Is it meant to be like this?

 

Is it meant to be like this?” It’s the only question going through my mind as I run across the dystopian, post-apocalyptic landscape in Fallout 4. Picking up my seventeenth carrot before having a super-mutant scythe me in two because I only have the weapon equivalent of a cap gun…surely there’s meant to be more to this game?

I’ve clocked up days playing Fallout on the PS4 and everyone I’ve met in the game (even the dog) doesn’t like me. Isn’t the point of computer games meant to be escapism? If I want reality I’ll go to the shop or ride a bus and let everyone take an aversion to me as usual.

That juice I’ve just bought, the one everyone is going on about – you know, that one getting rave reviews in videos? Is it just me or is it meant to taste like something cooked up by Heston Blumenthal? Surely it’s not meant to be like this? Quite how does someone manage to skilfully blend the flavour of sheet metal with a subtle nuance of bleach?

Is it meant to be like this?” I was sitting trying to fix the positive and negative wires to the Evod head. And then I was poking either too much or too little cotton through the coil. It struck me that vaping wasn’t half as enjoyable as other people would have me believe. I spent weeks bouncing from dry hit to flood – it was like a self-made analogy for post-global warming British weather.

Of course it isn’t meant to be like that. “Get a genesis tank, that’s what you want,” they said. “Get a genisys tank and bathe in the rich flavours hitherto hidden from your palette.” Oh yes, just what a new vaper needs: hotspots.
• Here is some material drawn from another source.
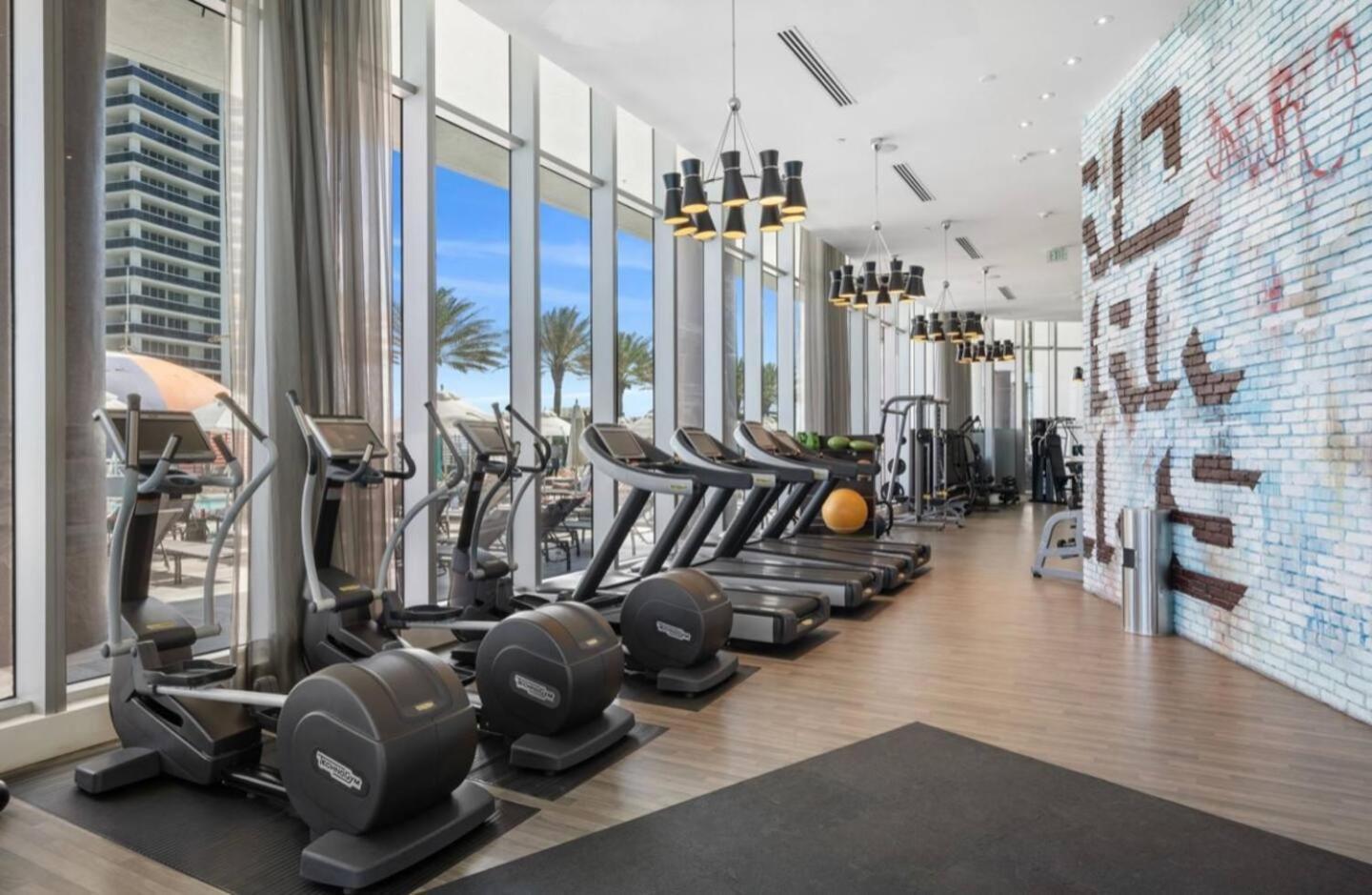 Wonderful 2/2 Condo W Ocean View At Hyde Beach Голливуд Экстерьер фото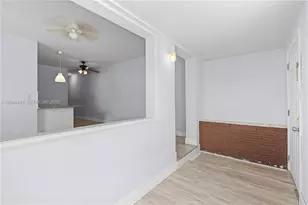 370 NE 55th St, Miami, FL 33137 - Photo 32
I’m not sure how long it took me to work out how to coil with mesh to avoid hot legs but I’m pretty sure I missed out on a couple of wedding anniversaries.

But then shouldn’t love be strong enough to overcome the lack of a bunch of flowers? Shouldn’t marriage be able to withstand the vagaries of a man obsessed with making little bits of wire coil in such a way that he smiles like he did at the birth of his children? Sure it is; love can overcome all. Love can make you forgive anything, even a lumbering oaf who cares more for pizza than he does for his in-laws. *This paragraph was definitely not inspired by the failure to book a table tonight at El Toro but should my wife read it she may wish to consider the words ‘love forgives all’.

Love can make you forgive the Kraken for the months of suffering because it looks lovely. It doesn’t get up to much these days and I’m thinking it probably never will – much like its owner, it sits here quietly contemplating life. But love isn’t at home for the Succubus (the dripper, not a pet name for my darling wife who would have loved a steak for tea). Love has packed its bag and slammed the door. I’m sitting writing this next to a mountain of used toilet roll. Dribbles and gushes from the low-slung holes have recreated Hurricane Barney’s devastation on my desktop. It’s not supposed to be like this, but then without the set-backs in life how sweet would the good things feel? Who needs steak anyway – there’s always Fallout.